It is launched with the following arguments:

wrapper.java.additional.2=-XX:MaxPermSize=256m
wrapper.java.initmemory=1498
wrapper.java.maxmemory=3000
wrapper.java.additional.19=-XX:+HeapDumpOnOutOfMemoryError

which translate to:

-Xms1498m -Xmx3000m -XX:MaxPermSize=256m -XX:+HeapDumpOnOutOfMemoryError

There are some other GC & JMX configuration parameters as well.

My issue is when I analyze a heap dump created due to an OutOfMemoryException using the Eclipse Memory Analyzer, invariably, MAT shows me heap sizes of 2.3G or 2.4G. I have already enable the option in MAT to Keep Unreachable Objects, so I don't believe that MAT is trimming the heap.

java.lang.RuntimeException: java.lang.OutOfMemoryError: GC overhead limit exceeded

or

java.lang.OutOfMemoryError: Java heap space

Summary in MAT:

Size: 2.3 GB Classes: 21.7k Objects: 47.6m Class Loader: 5.2k

My actual heap file sizes are roughly 3300KB, so they are in line with my 3000m max heap size setting.

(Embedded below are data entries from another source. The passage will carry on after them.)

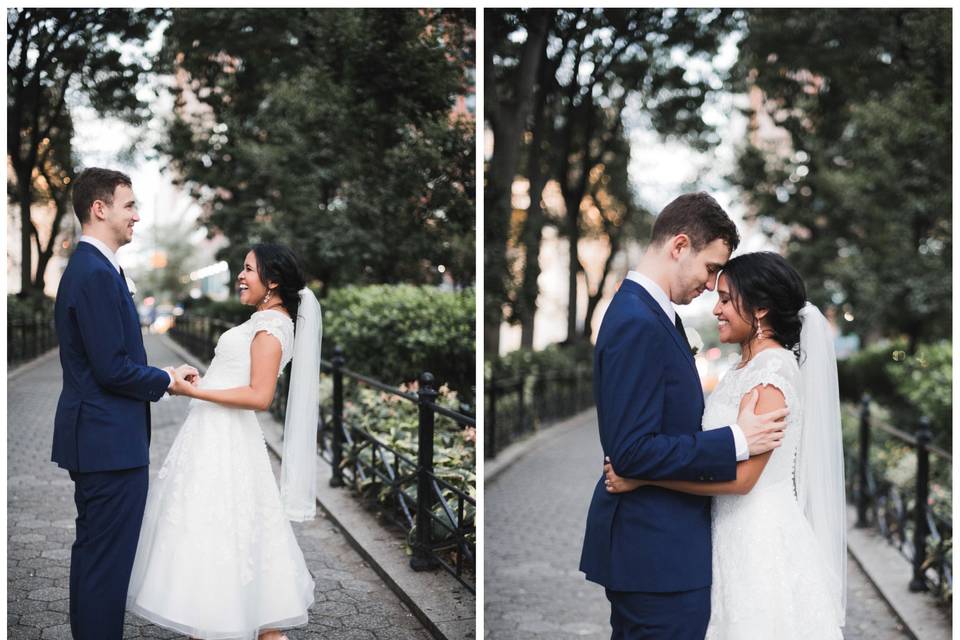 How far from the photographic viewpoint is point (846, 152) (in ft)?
38.0

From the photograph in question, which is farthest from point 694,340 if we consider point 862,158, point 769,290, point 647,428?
point 862,158

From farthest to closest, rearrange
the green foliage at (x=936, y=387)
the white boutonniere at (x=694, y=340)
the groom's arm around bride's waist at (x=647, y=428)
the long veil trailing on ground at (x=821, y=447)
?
1. the green foliage at (x=936, y=387)
2. the white boutonniere at (x=694, y=340)
3. the long veil trailing on ground at (x=821, y=447)
4. the groom's arm around bride's waist at (x=647, y=428)

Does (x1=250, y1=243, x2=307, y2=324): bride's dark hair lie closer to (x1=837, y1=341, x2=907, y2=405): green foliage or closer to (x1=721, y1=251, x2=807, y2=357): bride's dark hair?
(x1=721, y1=251, x2=807, y2=357): bride's dark hair

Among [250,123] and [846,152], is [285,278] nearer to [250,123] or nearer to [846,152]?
[250,123]

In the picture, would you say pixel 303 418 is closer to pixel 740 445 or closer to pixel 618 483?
pixel 618 483

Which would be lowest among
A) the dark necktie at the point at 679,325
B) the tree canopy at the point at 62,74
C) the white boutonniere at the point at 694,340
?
the white boutonniere at the point at 694,340

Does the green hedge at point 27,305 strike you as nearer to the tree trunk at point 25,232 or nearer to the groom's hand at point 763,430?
the tree trunk at point 25,232

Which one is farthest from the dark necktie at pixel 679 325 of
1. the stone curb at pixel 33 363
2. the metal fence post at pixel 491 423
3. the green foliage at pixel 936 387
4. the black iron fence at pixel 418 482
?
the green foliage at pixel 936 387

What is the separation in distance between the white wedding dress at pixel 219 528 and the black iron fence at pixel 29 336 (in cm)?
65

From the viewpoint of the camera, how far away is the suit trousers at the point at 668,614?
2354 millimetres

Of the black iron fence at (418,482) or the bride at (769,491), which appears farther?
the black iron fence at (418,482)

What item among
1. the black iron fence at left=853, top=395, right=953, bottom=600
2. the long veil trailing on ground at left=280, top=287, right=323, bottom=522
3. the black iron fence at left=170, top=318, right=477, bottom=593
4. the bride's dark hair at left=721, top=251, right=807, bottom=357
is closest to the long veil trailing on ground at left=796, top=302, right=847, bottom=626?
the bride's dark hair at left=721, top=251, right=807, bottom=357

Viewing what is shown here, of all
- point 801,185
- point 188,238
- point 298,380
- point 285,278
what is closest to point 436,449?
point 298,380

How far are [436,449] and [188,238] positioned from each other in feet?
4.62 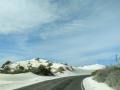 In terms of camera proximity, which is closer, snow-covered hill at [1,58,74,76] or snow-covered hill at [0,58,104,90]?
snow-covered hill at [0,58,104,90]

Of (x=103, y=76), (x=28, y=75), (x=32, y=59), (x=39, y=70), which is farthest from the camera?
(x=32, y=59)

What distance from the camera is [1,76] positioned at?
5484 centimetres

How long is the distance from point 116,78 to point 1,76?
31921 millimetres

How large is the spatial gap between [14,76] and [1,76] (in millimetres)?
3466

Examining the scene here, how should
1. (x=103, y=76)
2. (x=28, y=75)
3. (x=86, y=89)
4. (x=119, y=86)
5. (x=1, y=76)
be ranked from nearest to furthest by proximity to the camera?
(x=119, y=86), (x=86, y=89), (x=103, y=76), (x=1, y=76), (x=28, y=75)

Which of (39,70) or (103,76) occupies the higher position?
(39,70)

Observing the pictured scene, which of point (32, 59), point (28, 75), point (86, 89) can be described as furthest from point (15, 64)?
point (86, 89)

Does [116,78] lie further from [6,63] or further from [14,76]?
[6,63]

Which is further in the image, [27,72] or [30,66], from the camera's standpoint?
[30,66]

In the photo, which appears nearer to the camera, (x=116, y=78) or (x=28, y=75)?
(x=116, y=78)

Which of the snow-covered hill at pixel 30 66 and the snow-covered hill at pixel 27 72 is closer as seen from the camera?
the snow-covered hill at pixel 27 72

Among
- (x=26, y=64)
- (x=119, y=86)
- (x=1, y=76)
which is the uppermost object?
(x=26, y=64)

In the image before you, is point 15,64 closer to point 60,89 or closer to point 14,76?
point 14,76

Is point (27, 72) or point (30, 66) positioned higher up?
point (30, 66) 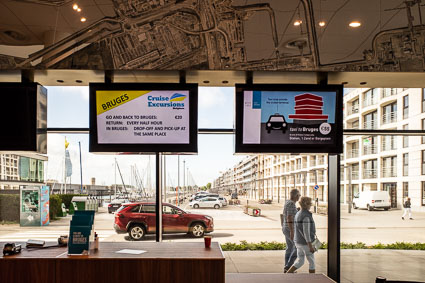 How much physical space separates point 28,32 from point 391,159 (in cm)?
552

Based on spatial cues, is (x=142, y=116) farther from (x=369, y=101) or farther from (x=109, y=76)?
(x=369, y=101)

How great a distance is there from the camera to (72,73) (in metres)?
3.86

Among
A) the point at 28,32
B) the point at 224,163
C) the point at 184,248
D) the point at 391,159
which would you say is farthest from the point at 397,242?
the point at 28,32

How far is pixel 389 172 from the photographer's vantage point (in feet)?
18.1

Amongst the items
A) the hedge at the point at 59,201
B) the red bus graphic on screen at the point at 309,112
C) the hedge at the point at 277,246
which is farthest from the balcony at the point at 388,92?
the hedge at the point at 59,201

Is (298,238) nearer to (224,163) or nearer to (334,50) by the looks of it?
(224,163)

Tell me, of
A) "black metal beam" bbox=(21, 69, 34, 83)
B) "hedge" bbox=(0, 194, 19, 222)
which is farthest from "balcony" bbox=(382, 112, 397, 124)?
"hedge" bbox=(0, 194, 19, 222)

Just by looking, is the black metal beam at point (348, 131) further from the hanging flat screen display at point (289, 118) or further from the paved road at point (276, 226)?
the paved road at point (276, 226)

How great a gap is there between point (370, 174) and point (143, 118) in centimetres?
387

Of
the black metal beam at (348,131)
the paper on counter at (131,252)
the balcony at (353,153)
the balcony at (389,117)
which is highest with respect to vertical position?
the balcony at (389,117)

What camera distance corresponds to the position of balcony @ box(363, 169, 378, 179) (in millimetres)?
5387

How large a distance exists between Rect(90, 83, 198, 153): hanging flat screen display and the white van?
9.92ft

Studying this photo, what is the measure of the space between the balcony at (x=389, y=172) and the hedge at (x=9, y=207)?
18.9 ft

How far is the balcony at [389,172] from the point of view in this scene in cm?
547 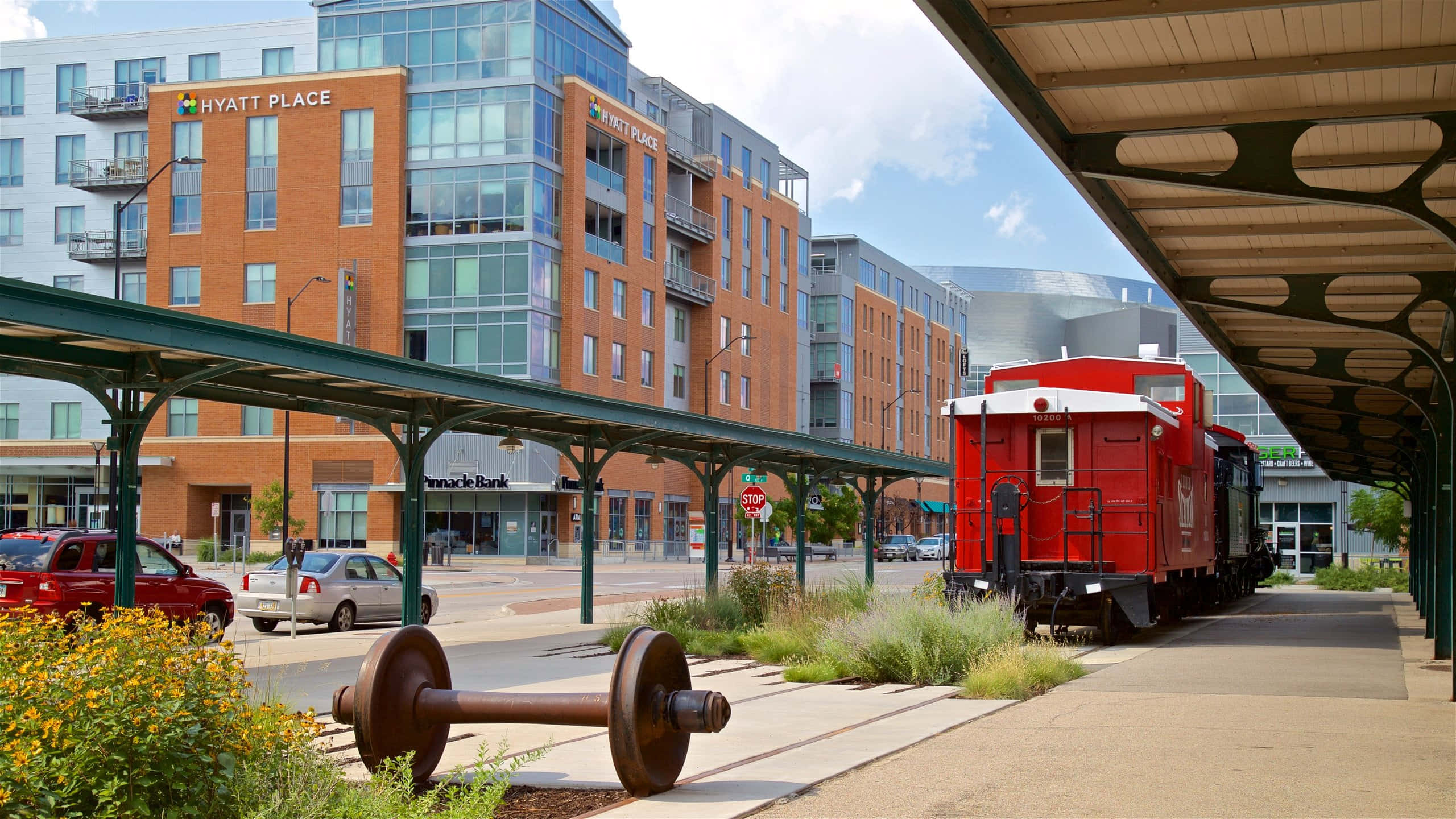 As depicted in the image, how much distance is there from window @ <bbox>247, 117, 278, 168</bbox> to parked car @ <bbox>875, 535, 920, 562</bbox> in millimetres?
39438

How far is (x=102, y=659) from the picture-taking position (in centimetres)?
625

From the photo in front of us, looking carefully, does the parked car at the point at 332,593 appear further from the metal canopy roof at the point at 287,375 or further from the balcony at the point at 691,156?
the balcony at the point at 691,156

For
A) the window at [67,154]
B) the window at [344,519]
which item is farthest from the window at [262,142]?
the window at [344,519]

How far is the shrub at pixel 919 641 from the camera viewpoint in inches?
591

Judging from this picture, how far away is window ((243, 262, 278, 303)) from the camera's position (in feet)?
226

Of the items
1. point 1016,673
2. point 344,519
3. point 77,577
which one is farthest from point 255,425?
point 1016,673

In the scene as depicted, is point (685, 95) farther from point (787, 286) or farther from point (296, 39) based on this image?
point (296, 39)

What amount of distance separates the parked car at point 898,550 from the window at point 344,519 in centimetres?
2931

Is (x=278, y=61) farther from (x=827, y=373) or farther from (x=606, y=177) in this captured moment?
(x=827, y=373)

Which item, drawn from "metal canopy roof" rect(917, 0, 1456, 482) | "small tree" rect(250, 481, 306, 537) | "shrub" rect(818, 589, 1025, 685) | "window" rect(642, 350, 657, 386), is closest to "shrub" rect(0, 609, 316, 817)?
"metal canopy roof" rect(917, 0, 1456, 482)

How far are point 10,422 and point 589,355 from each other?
111 feet

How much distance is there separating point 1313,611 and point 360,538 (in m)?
50.1

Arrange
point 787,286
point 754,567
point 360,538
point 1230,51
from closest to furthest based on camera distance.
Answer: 1. point 1230,51
2. point 754,567
3. point 360,538
4. point 787,286

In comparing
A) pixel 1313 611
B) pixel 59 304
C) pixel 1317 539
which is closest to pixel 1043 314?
pixel 1317 539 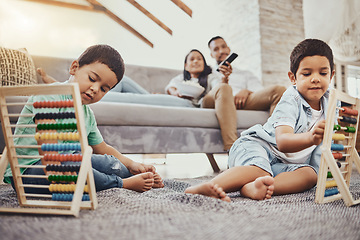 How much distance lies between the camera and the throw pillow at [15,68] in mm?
1754

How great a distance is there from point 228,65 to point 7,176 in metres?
1.57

So where is the missing 500-600M of memory in MAT? Why does MAT only show my heap size as 2.4G?

Other posts on SO tend to indicate that it is the JVM doing some GC prior to dumping the heap, but if the missing 500M is due to a GC, why is it even throwing the OOM in the first place? If a GC could actually clear up 500M (or nearly 25% of my heap), is the JVM really out of memory?

Are there ways to tune the heap dumps so I can get a full/complete picture of the heap (including the missing 500M)?

If not, I find I'm really struggling to find how/why I'm encountering these OOMs in the first place.

As requested by someone, I am attaching the output of a jstat -gc <PID> 1000 from a live node: http://pastebin.com/07KMG1tr.

Eric B.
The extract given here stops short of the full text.